I’ve been developing rqlite since 2014 and its design and implementation has evolved substantially during that time — and the design docs tell the story of what worked, and what didn’t. So what can we learn about distributed database design, from watching rqlite change over the years?
As time has passed the distributed consensus system has changed, the API has improved enormously, security was improved, and support for automatic clustering and node-discovery was introduced along the way. But none of this happened all at once, and much of the design changes were in response to previous wrong turns.
What worked? And what didn’t?
Let’s take a look through time, letting the design choices tell the story.
Introduction to replicating SQLite with Raft – this was the post that started it all. Why not combine Raft with SQLite? Would it work? It turned out it would work very well, got the attention of Hacker News, but the initial version was far from production-ready. Years of development lay ahead.
Moving to an upgraded Raft consensus system – with 2 years of practical experience it became pretty clear that rqlite needed to run Hashicorp’s more modern Raft code, and needed a much better HTTP API. The API put in place by version 2.0 remains largely the same to this day — 7 years later — showing that the API choices were good ones.
Leader-redirection added – an important change which made it much easier for clients to communicate with the cluster. With redirection clients could contact any node in the cluster, and if that node wasn’t the Leader, the node would let the client know where on the network the Leader was. Leader redirection would eventually be superseded years later by transparent forwarding to the Leader.
Building an rqlite discovery service using AWS Lamda – this was the first attempt at building auto-clustering and node-discovery for rqlite. It worked, but the implementation wasn’t elegant, nor was the Discovery mechanism reliable. At the time development with AWS Lambda was pretty crude, which didn’t help. This Discovery system would be turned down within 5 years, but the code remains available on GitHub.
Node-to-node encryption added – this was one of the early features aimed at making it easier to run rqlite in production environments, where networks had to be shared with other systems. Getting the configuration of node-to-node encryption right was tricky — in fact, it wasn’t fully correct until 2023.

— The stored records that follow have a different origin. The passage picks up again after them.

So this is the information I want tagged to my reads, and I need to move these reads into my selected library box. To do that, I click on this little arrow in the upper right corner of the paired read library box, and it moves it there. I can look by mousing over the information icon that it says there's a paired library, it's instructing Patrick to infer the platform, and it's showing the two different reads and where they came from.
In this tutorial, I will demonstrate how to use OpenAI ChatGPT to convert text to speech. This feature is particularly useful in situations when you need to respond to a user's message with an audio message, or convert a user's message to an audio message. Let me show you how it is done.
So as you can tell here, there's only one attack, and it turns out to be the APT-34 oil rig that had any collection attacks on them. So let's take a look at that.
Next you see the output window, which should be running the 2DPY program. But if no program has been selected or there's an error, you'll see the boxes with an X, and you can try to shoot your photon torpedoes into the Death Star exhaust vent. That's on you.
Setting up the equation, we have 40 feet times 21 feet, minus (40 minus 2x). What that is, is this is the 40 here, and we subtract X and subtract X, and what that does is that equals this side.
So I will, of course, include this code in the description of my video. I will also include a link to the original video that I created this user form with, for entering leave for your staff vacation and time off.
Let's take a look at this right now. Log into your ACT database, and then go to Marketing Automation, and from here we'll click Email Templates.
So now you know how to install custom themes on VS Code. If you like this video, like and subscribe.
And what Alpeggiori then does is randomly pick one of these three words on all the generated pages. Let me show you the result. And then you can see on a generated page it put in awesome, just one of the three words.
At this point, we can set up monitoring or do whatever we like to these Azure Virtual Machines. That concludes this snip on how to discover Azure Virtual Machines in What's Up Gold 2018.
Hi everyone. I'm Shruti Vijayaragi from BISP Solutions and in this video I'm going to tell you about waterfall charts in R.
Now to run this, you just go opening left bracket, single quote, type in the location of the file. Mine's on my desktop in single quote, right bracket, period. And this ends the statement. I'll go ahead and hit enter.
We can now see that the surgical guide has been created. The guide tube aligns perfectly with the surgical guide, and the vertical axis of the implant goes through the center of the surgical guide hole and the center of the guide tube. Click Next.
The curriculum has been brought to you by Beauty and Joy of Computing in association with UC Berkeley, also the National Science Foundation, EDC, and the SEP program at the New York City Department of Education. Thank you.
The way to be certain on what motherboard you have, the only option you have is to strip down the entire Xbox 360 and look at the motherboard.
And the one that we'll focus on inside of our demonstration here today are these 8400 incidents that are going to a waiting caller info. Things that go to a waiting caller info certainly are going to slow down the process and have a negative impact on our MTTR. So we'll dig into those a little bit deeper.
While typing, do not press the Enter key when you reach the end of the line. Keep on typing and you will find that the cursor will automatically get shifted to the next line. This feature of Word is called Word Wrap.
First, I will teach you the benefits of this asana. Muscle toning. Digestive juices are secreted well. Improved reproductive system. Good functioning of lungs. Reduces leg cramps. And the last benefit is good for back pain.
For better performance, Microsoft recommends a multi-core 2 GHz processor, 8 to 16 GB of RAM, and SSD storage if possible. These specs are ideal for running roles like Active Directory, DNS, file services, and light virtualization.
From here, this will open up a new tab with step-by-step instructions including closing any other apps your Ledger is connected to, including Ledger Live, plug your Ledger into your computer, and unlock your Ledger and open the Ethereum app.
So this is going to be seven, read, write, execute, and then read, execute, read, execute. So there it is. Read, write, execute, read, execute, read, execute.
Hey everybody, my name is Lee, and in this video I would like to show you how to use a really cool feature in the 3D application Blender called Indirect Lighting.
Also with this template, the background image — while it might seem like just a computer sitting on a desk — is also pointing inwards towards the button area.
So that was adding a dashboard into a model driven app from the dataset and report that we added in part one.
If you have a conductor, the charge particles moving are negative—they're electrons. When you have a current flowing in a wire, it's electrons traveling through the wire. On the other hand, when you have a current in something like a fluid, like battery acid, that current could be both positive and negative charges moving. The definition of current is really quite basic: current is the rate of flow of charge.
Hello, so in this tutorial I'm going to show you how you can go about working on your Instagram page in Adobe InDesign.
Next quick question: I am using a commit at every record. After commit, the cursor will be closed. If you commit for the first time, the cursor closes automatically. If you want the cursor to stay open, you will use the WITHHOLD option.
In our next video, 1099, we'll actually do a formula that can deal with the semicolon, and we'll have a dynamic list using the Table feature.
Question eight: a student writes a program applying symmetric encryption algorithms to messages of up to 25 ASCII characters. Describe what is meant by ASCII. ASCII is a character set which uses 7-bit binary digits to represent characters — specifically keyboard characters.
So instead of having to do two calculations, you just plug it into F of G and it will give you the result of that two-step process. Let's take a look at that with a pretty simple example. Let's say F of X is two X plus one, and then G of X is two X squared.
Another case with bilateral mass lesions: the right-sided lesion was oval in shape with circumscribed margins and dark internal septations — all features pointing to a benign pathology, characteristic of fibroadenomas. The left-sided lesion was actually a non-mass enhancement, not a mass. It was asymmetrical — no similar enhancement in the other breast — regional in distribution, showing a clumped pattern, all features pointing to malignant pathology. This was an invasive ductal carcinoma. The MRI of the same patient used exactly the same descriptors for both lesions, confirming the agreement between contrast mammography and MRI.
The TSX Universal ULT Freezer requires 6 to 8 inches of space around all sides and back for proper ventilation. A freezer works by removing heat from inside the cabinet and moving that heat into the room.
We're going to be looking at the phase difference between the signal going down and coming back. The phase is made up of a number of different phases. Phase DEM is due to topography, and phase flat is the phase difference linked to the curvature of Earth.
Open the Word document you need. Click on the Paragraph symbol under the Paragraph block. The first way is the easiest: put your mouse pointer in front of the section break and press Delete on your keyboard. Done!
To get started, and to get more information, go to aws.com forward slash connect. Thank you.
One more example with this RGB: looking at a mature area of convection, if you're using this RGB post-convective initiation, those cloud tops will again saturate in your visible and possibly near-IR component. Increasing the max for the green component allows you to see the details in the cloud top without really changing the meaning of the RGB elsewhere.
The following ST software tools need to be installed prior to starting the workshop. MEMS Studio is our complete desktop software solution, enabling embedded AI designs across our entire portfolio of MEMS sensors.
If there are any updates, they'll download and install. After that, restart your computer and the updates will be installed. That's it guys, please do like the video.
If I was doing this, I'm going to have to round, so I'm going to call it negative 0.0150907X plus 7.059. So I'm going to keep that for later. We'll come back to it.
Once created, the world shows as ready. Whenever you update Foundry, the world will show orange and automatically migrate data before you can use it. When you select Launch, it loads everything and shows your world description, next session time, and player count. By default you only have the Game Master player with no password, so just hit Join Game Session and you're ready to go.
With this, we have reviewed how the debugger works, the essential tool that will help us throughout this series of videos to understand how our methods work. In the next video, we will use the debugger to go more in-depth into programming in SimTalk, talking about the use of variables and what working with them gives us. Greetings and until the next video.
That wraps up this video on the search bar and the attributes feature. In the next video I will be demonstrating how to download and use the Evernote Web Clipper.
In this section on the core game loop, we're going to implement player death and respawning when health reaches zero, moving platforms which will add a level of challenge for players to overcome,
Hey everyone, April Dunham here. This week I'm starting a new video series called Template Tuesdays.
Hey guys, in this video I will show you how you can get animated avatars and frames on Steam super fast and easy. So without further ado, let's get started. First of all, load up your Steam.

Scaling read performance – read-only nodes were added, allowing users to horizontally scale read performance. This worked well, because it was mostly built on preexisting functionality in the Hashicorp Raft library.
Moving from JSON to Protocol Buffers for internal data structures – 6 years into development JSON-based data modeling wasn’t robust enough, and I was writing a lot of custom marshaling code since rqlite was interacting with more and more systems outside of itself. It was time for something more sophisticated. Moving to Protobufs was a big win and Protobufs have become the core data modeling mechanism throughout most of the code.
Comparing disk usage across database releases – rqlite is very sensitive to disk performance, so monitoring disk usage became more and more important to understanding performance. What testing showed was that performance did improve across versions, but not in the way I had hoped. It turned out the the number of fsync calls didn’t change, and that was the real performance bottleneck. But disk usage has dropped substantially over the years, particularly with the move to compression when writing to disk.
7 years of open-source database development – lessons learned – By now I had been developing open-source databases — both InfluxDB and rqlite — for some years. Patterns in my database development experience were emerging.
The evolution of a distributed database design – After 7 years of development my understanding of how rqlite should cluster was becoming much more sophisticated — if only it hadn’t taken so long! But the design changes introduced by rqlite 6.0 resulted in a much more robust clusters, and the approach to inter-node communications introduced by 6.0 remains the same to this day.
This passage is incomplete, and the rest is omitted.